This month's author interview


The Manuscript Works Newsletter

Essential knowledge on scholarly book publishing that every author should have


Dear Reader,

This week's newsletter features an author interview with Dr. Collie Fulford, whose new book, Insiders, Outliers: Centering Adult Student Writers at an HBCU, comes out this month from Rutgers University Press. I first met Collie when she reached out a few years ago to let me know that with the help of The Book Proposal Book and my Perfect-Fit Publisher Challenge, she had received positive responses from all three presses she sent her book proposal to (yay!). Last summer, with her own book under contract, Collie served as a very helpful beta reader for Make Your Manuscript Work, using my manuscript development method to get her text into final shape before it went into production. Finally, Collie's book is here, and I'm delighted to have her share her author experience with you. Enjoy!
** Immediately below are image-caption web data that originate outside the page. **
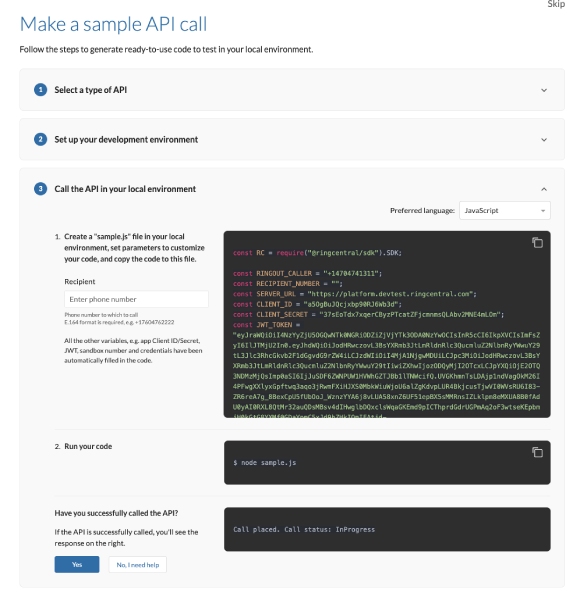 A RingCentral Developers webpage outlining the steps for creating a ready-to-use code for an API call.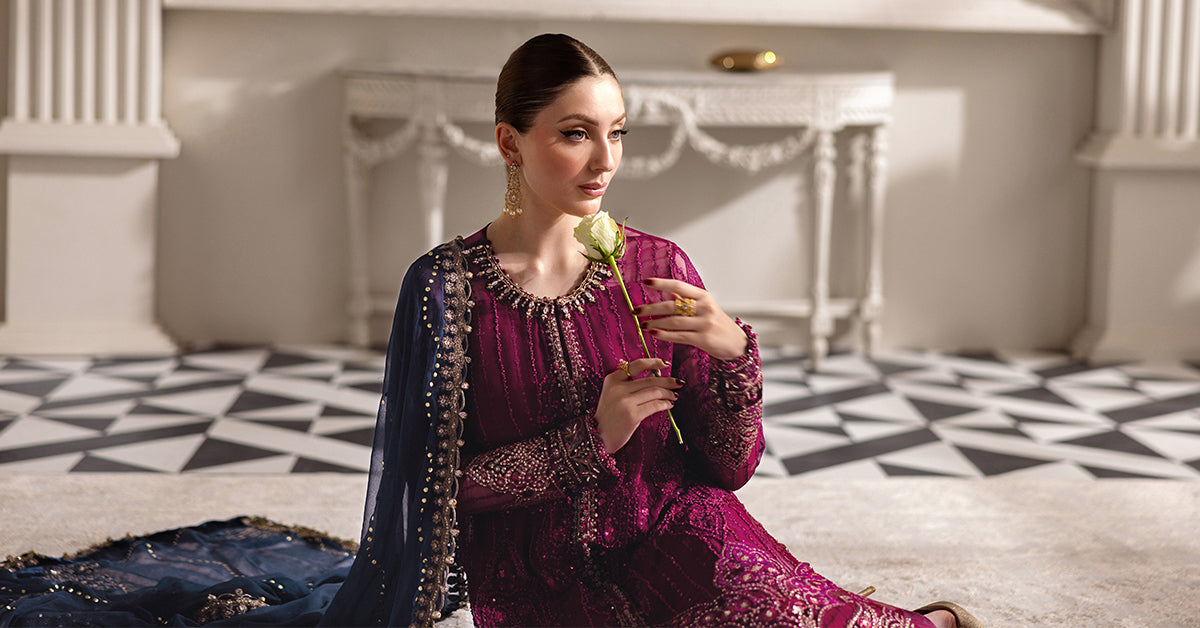 Maria B | Chiffon Formals 25 | MPC-25-102 - by Libasekhas UK - Registered Vendor of : Maria B - 100% Original Designer Dress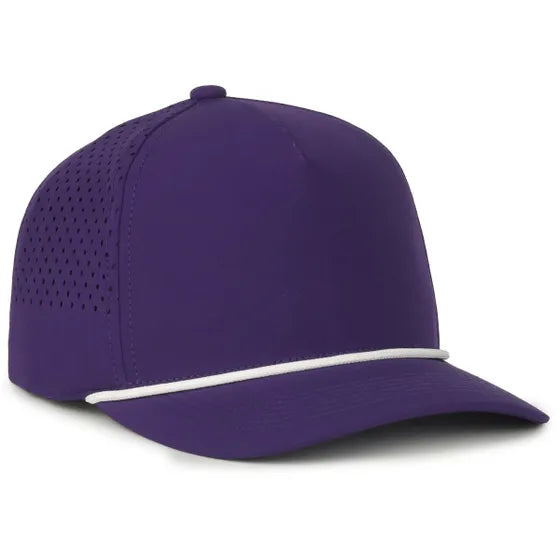 High Crown Performance Cap – Purple with White Cord, Mesh Back, UPF 50+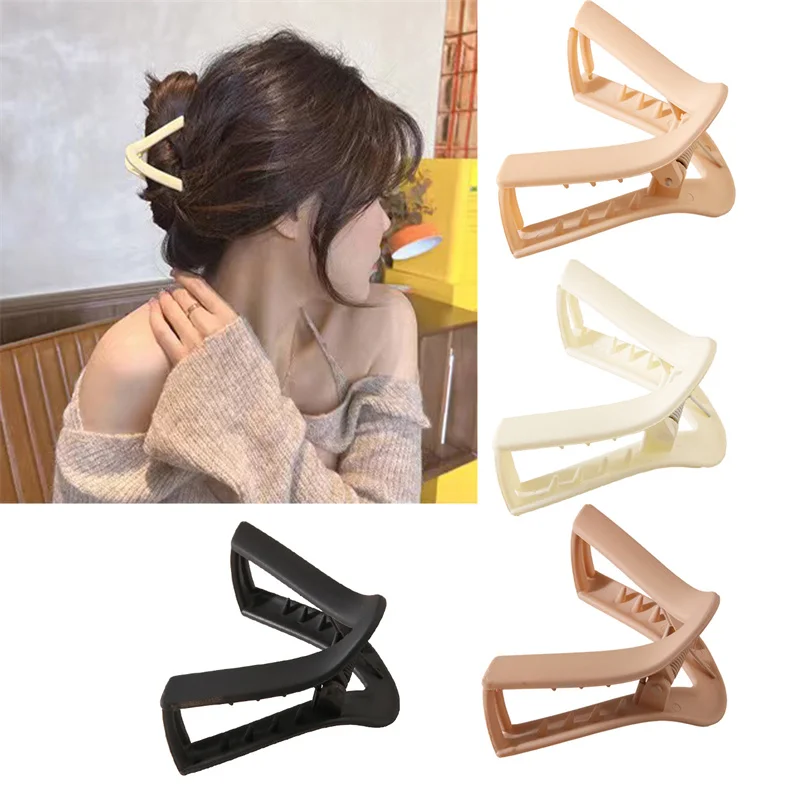 New V Shape Hair Claw Clips Simple Geometric Plastic Matte Color Bath Shark Clip Clamps Grab Girls Women Hair Accessories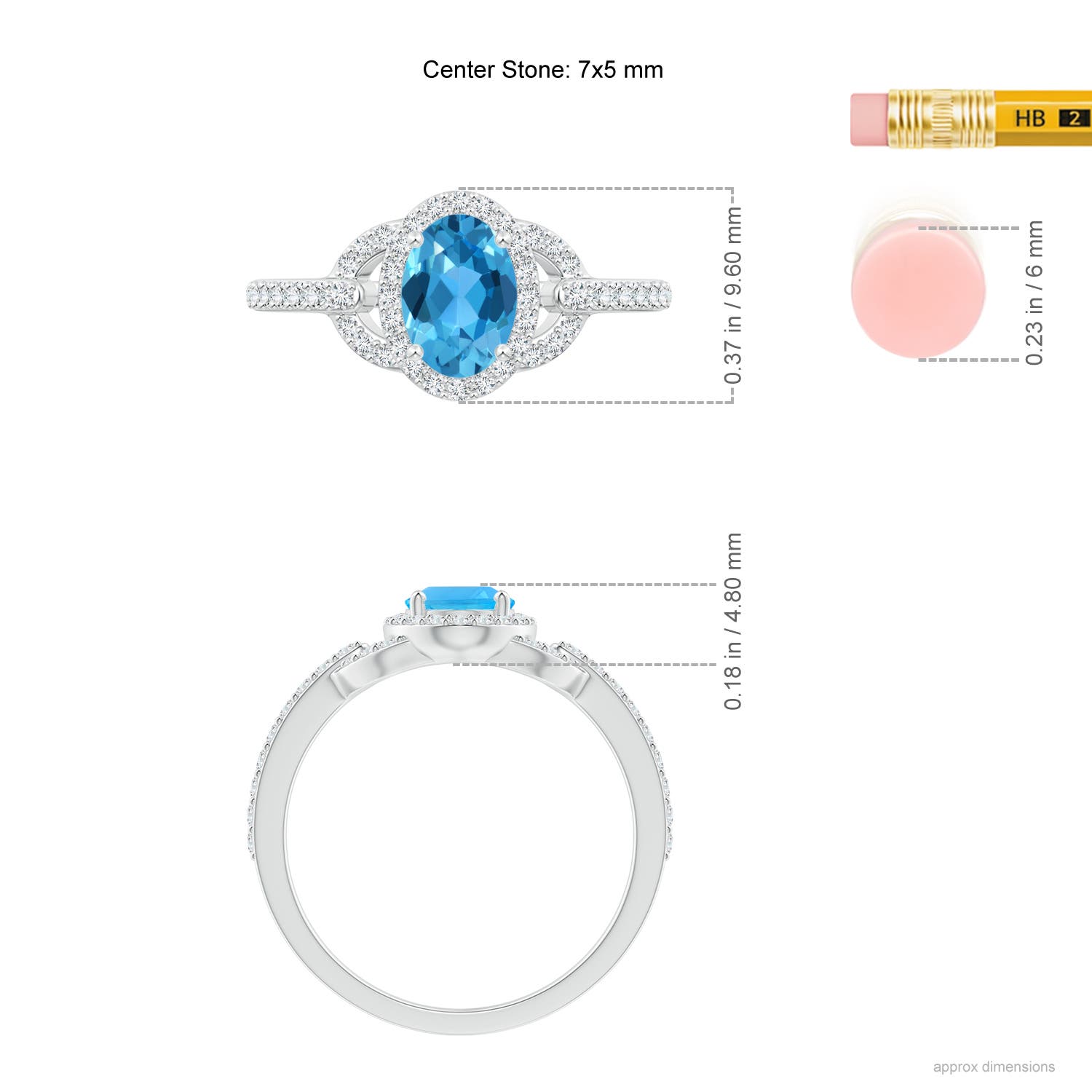 AAA - Swiss Blue Topaz / 1.29 CT / 14 KT White Gold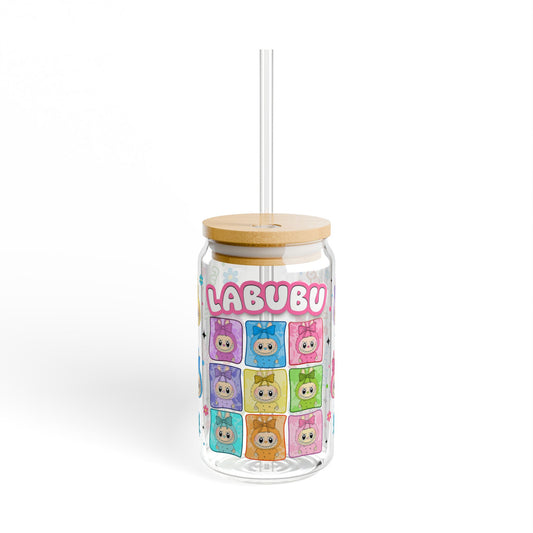 Cute Character Sipper Glass, Fun Drinking Glass for Kids, Kawaii Drinkware, Colorful Straw Glass, Great for Parties, Gifts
Laura Portwood-Stacer: Who do you hope will read this book?

Collie Fulford: I often tell students that you cannot reach every audience with a project, so be as specific as possible about who is the core readership. Yet here I am promoting my book’s relevance to readers in two major fields—higher education studies and writing studies—and at different stages in their careers.

I hope the book appeals to faculty and administrators who want to understand the adult student writers at their institutions. Insiders, Outliers gives these readers a glimpse of the complex writing experiences and educational histories of adults who return to college or who first attempt it once they already have full adult lives. I wrote the book to encourage these readers to take a hard look at their own campuses and classrooms in light of the findings. I hope to move them to improve adult-inclusivity on their campuses, from adopting teaching and research practices that amplify the powers of mixed age student groups to co-developing policies, services, and advocacy with adult learners.

I also aim to reach graduate students in research methods classes. For these readers, I am deliberately transparent about the methodologies I blended for this book, and why I made the choices I did. That includes discussing the dynamics of research across racial difference. I write about times when I made significant missteps and had to rethink my approaches. I do this because I want less experienced scholars to have models of why and when redesign may be necessary in order to do ethical research.

It is also important to me that the kinds of people this book is about recognize themselves in the cases and the analysis. I gave a talk recently based on one of the cases. A member of my field came up to me afterward and said, Collie, your work is about me. She had not previously seen her experiences represented in our scholarship, so that felt really good.

LPS: What are you doing or planning to do to promote the book when it’s released?

CF: A friend of mine, Dave Alff, talks about book promotion as idea-promotion more than self-promotion. As a former shy person, I can get behind that. I absolutely want potential readers to know about Insiders, Outliers so that adult students in higher education become much more legible to them as writers and makers of knowledge across the breadth of their life activities. The best way I know how to do that is by amplifying these students’ perspectives. I figure the book promotion method needs to match the book’s content and its research approaches.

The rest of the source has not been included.